NEW HAVEN JURY CONVICTS WILFREDO PEREZ

Kevin J. O'Connor, United States Attorney for the District of Connecticut, announced that a federal jury sitting in New Haven today convicted WILFREDO PEREZ, age 37, formerly of Hartford, Connecticut, of four counts relating to the 1996 murder of Theodore "Teddy" Casiano. PEREZ was convicted of conspiring to commit a murder-for-hire, interstate murder-for-hire, aiding and abetting the murder of Casiano as a violent act in furtherance of a racketeering enterprise, and using a firearm to kill Casiano. United States District Judge Janet B. Arterton presided over the three-week trial. The jury returned its verdict after approximately four days of deliberation.

Evidence presented at trial revealed that in 1996, PEREZ was distributing large quantities of cocaine on the retail level in Hartford, Connecticut. Casiano, a leading member of the Savage Nomad street gang, threatened PEREZ's drug distribution network and, as a result, PEREZ hired killers from New York to kill Casiano. PEREZ paid the killers $6,000 for the murder, which was committed from a motorcycle a short distance away from his place of business, Perez Auto, on Newfield Avenue in Hartford. The jury found that PEREZ, as leader of his drug organization, was responsible for ordering Casiano's murder, for luring Casiano to the scene of the murder, and for paying for the murder.
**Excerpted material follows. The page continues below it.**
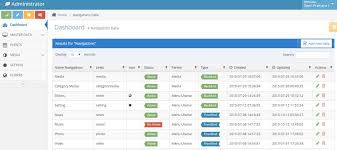 Kalo di jadiin script html aja bisa ga,jadi gausah pake php hanya html saja. Source Code Website Pariwisata Dengan Codeigniter Bootstrap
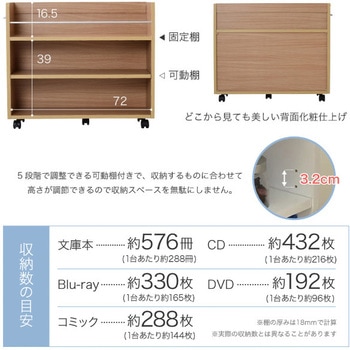 収納ラック 3段 キャスター付き  (26.5×78.5) 3色展開(NA DB WH) 2個セット Ideal Rack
PEREZ now faces the possibility of a death sentence. The penalty phase of the trial will begin on Thursday, July 1, 2004. In the alternative, PEREZ will face a sentence of mandatory life imprisonment.

To date, four other persons have been convicted in this case. Mario Lopez, who rode the motorcycle used in the murder, pleaded guilty to the same charges of which PEREZ was convicted. Santiago Feliciano, who took the motorcycle back to New York after the murder, has pleaded guilty to conspiring to commit murder-for-hire. Jose Antonio Perez, the brother of WILFREDO PEREZ, was convicted after trial of the same charges as his brother, and has been sentenced to life imprisonment plus five years (to run consecutive). And Raymond Piña, who traveled to Hartford with the killers on the day before the murder, has been convicted by a jury of obstructing the grand jury investigation of this matter.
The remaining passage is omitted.